[Spambayes] expiration ideas.

Anthony Baxter anthony@interlink.com.au
Mon Oct 21 05:22:47 2002


>>> "Alexander G. M. Smith" wrote
> Anthony Baxter wrote:
> >   Keep the "interim" wordinfo around (gzipped, datestamped) until your
> >   expiration time is up - then undo the earlier merge, subtracting
> >   the spamcount/hamcounts. 
> Sounds reasonable.  But I'd rather keep around the whole messages so
> that I can change tokenizing schemes.  Or perhaps use one of those
> future inter-word relation schemes.

That's fine, but once this stuff is deployed, how many end-users are
going to want to tweak their tokeniser? I'd suggest approximately
three eighth's of one fifth of bugger-all :)

> The total space is several times (ten times) more than a word list
> (5.9MB raw, 2.4MB zipped archive, 1.5MB gzip tar file, 1.2MB
> bzip2ed tar file vs 660KB raw, 270KB zipped word list), but it is
> still almost trivial on today's computers and huge disk drives to
> store the complete messages.  So, you have to ask yourself if a
> 10X space (and tokenizing time) savings is worth it.

For one user, fine - but in a setting where you've got multiple
users, say, using an IMAP server?

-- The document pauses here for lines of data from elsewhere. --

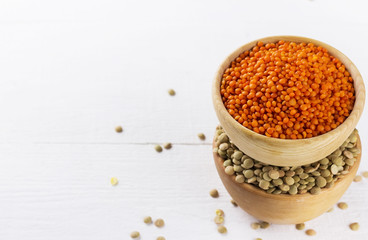 Various bean on white wooden background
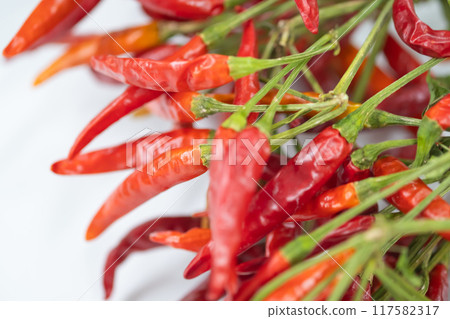 Image of dried red chili peppers on a table 117582317
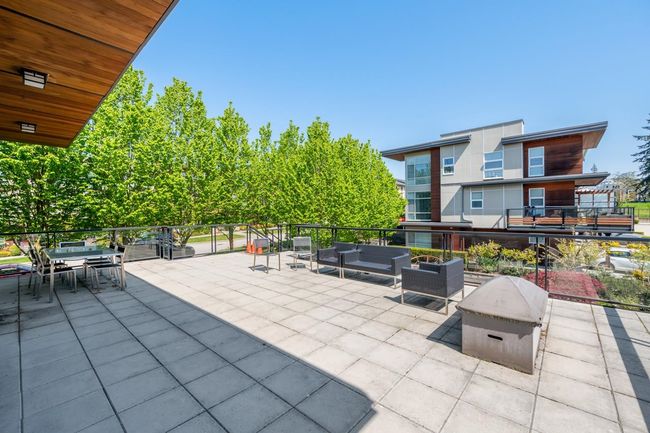 View of patio featuring an outdoor hangout area and outdoor dining space | Image 27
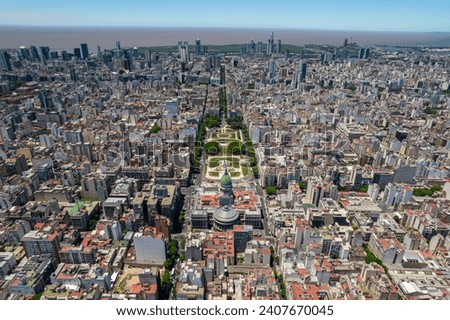 Beautiful aerial view of the Argentina flag waving, the Palace of the Argentine National Congress, in the city of Buenos Aires, Argentina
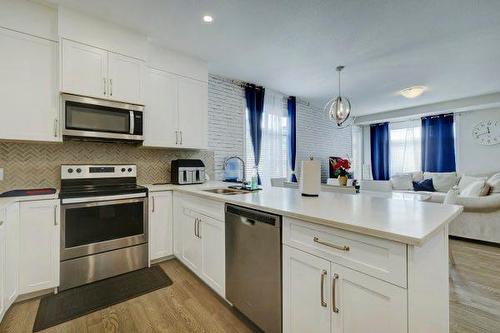 904 Sage Meadows Gardens Nw, Calgary, AB - Indoor Photo Showing Kitchen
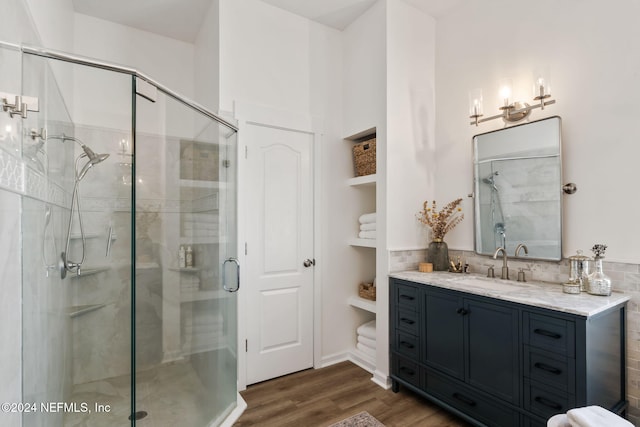 bathroom with vanity, decorative backsplash, a shower with door, and hardwood / wood-style floors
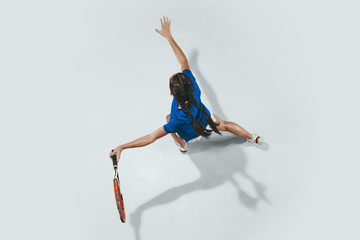 Naklejka premium Young woman in blue shirt playing tennis. She hits the ball with a racket. Indoor studio shot isolated on white. Youth, flexibility, power and energy. Negative space. Top view.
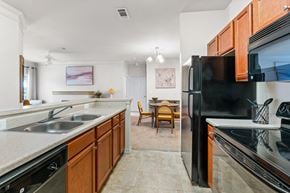 Alexandria apartment for rent - full kitchen with stainless steel appliances and wood cabinets and a dining room with a table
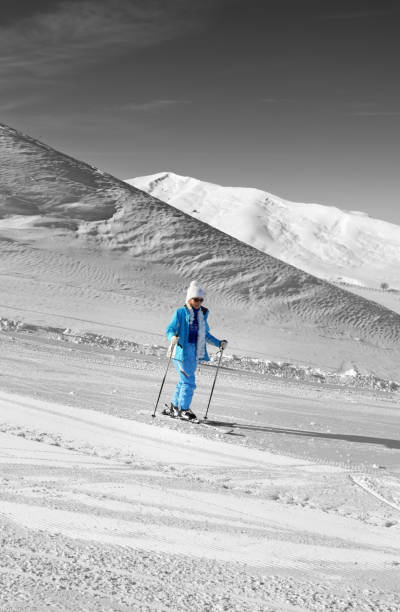 Black and white winter mountains and skier in blue on snowy ski slope at nice sun day. Caucasus Mountains, Shahdagh, Azerbaijan. Selective color effect.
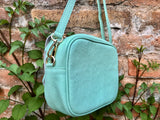 Small leather bag in aqua green. GENUINE leather cross body / shoulder bag. Light turquoise green purse. Tassel on the zipper. Gold accents.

You'd want the stuff to happen
on the server, before the end users have to run a program to
download the mail, check it, and send commands to the IMAP server
to move the spam out of the way...

I also get enough email that I really don't want to be lugging 
around all of my old email for a couple of months...

Anthony

-- 
Anthony Baxter     <anthony@interlink.com.au>   
It's never too late to have a happy childhood.